The plot below presents histograms, scatter plots, and correlations in a
bivariate structure of the top 5 variables chosen in the correlation
analysis. Notice the shape of the distributions and the values of the
correlations relative to the response variable shares
.
# bivariate correlation plot
cor_data <- cbind(select(activeTrain,shares),var_sel[,var_id[1:5]])
ggpairs(cor_data)
The biplot below presents the PC1 and PC2 from the PCA analysis. The
function ggplot()
was used to create the plot and the segments created
via geom_segment()
were re-scaled so that we could better see the
variable names. The most variation in the data is contained in the PC1,
hence, the most important variables in the data are approximately
oriented towards the axis of PC1 and, therefore, may be good predictors
for the shares
response. Likewise, for PC2, which contains the second
most variability in the data set, the variables that are oriented
approximately towards the axis of PC2 are the second most important
variables.
pc_df<-data.frame(PC$x)
# plotting PC1 and PC2 for the top 5 variables
# biplot(PC, cex = 1)
ggplot(pc_directions)+
geom_point(data = pc_df, mapping = aes(x=PC1, y=PC2))+
geom_segment(aes(x = 0, y = 0, yend = 50 * PC2, xend = 50 * PC1))+
geom_label(mapping = aes(x = 51 * PC1, y = 51 * PC2, label = row.names(pc_directions)))

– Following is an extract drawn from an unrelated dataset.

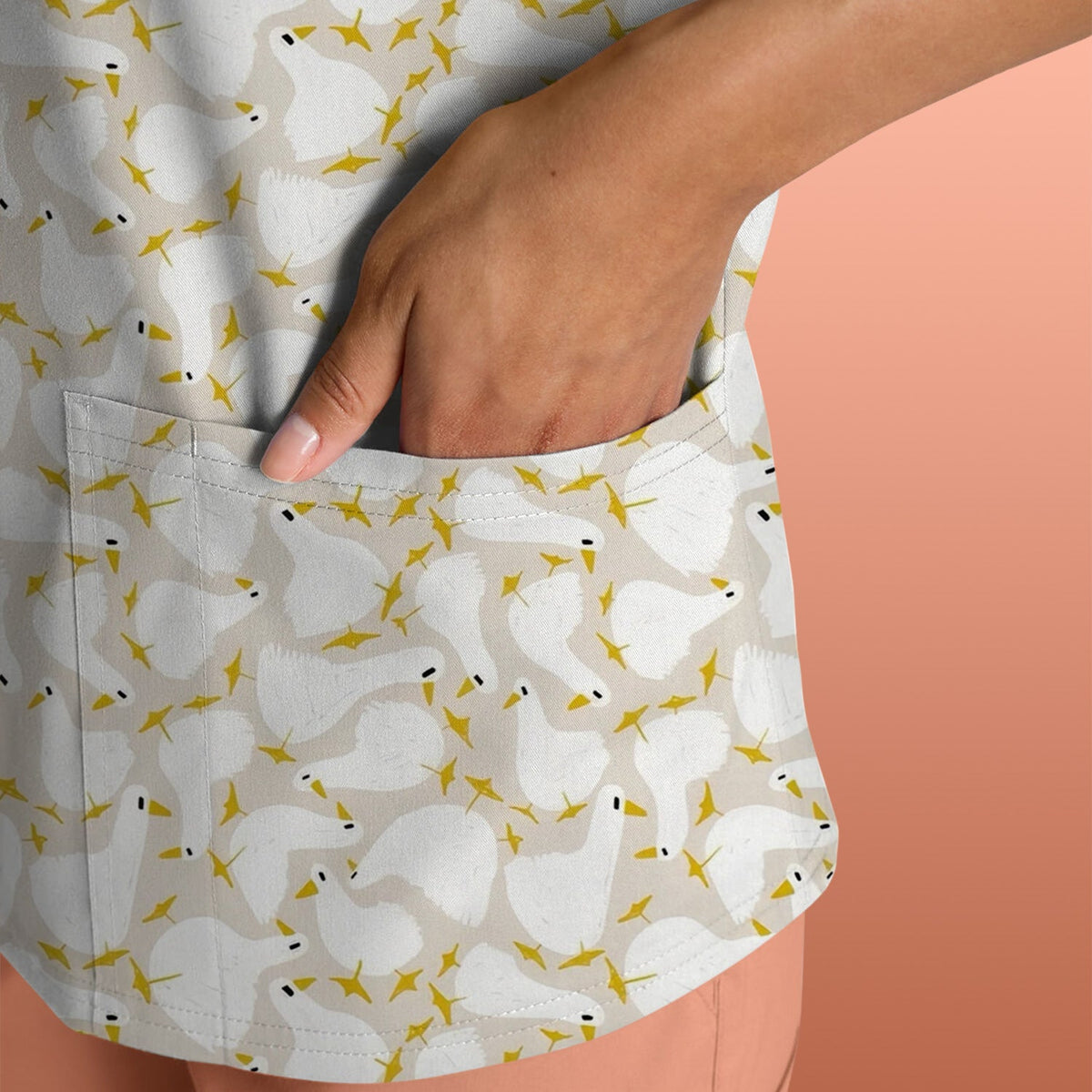 White Goose Yellow Star Nurse Scrub Top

The scatter plots below show the different levels of the variables
related to the LDA metrics, from 0 to 4, and graphs the relationship
with the response variable shares
. The function ggplot()
is used to
create the plot frame and geom_point()
, geom_smooth
, and
facet_wrap()
function are used to plot the scatter points, the smooth
GAM (Generalized Additive Models) lines, and split the data by LDA type,
respectively. It is possible to see the behavior of the response
variable in relation to each LDA types. A common analysis using scatter
plots is related to the pattern shown by the smooth curve fitted to the
points. If this curve shows a flat or constant line parallel to the
predictor axis, then the predictor has little contribution to the
explanation of the variance of the response variable.
LDA.dat = activeTrain %>%
select(shares, starts_with("LDA")) %>%
pivot_longer(cols = LDA_00:LDA_04, names_to = "LDA", values_to = "values")
# relationship between shares and LDA levels (facet_wrap+smooth)

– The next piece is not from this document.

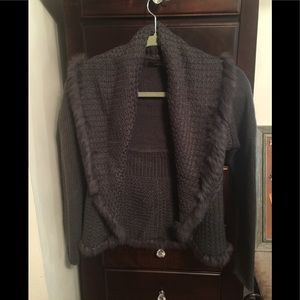 Faux fur trim sweater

ggplot(LDA.dat, aes(y = shares, x = values))+
geom_point() + geom_smooth(method = "loess")+ facet_wrap(~LDA)+
labs(x = "LDA Values", y = "Shares", title = "Shares by LDA Types")
The scatter plots below show the different types of the variables
related to the Keyword metrics and graphs the relationship with the
response variable shares
. The function ggplot()
is used to create
the plot frame and geom_point()
, geom_smooth
, and facet_wrap()
function are used to plot the scatter points, the smooth GAM
(Generalized Additive Models) lines, and split the data by keyword type,
respectively. It is possible to see the behavior of the response
variable in relation to each of the 3 keyword metric types.
# relationship between shares and keyword metrics
kw.dat = activeTrain %>%
select(shares, kw_avg_max, kw_avg_avg, kw_avg_min) %>%
pivot_longer(cols = 2:4, names_to = "keyword", values_to = "values")
# relationship between shares and keyword metrics types (facet_wrap+smooth)
ggplot(kw.dat, aes(y = shares, x = values))+
geom_point() + geom_smooth(method = "loess")+ facet_wrap(~keyword)+
labs(x = "Keyword Metric Values", y = "Shares", title = "Shares by Keyword Metric Types")
The scatter plots below show the different types of the variables
related to the Content metrics and graphs the relationship with the
response variable shares
. The function ggplot()
is used to create
the plot frame and geom_point()
, geom_smooth
, and facet_wrap()
function are used to plot the scatter points, the smooth GAM
(Generalized Additive Models) lines, and split the data by content type,
respectively. It is possible to see the behavior of the response
variable in relation to each of the 4 content metric types.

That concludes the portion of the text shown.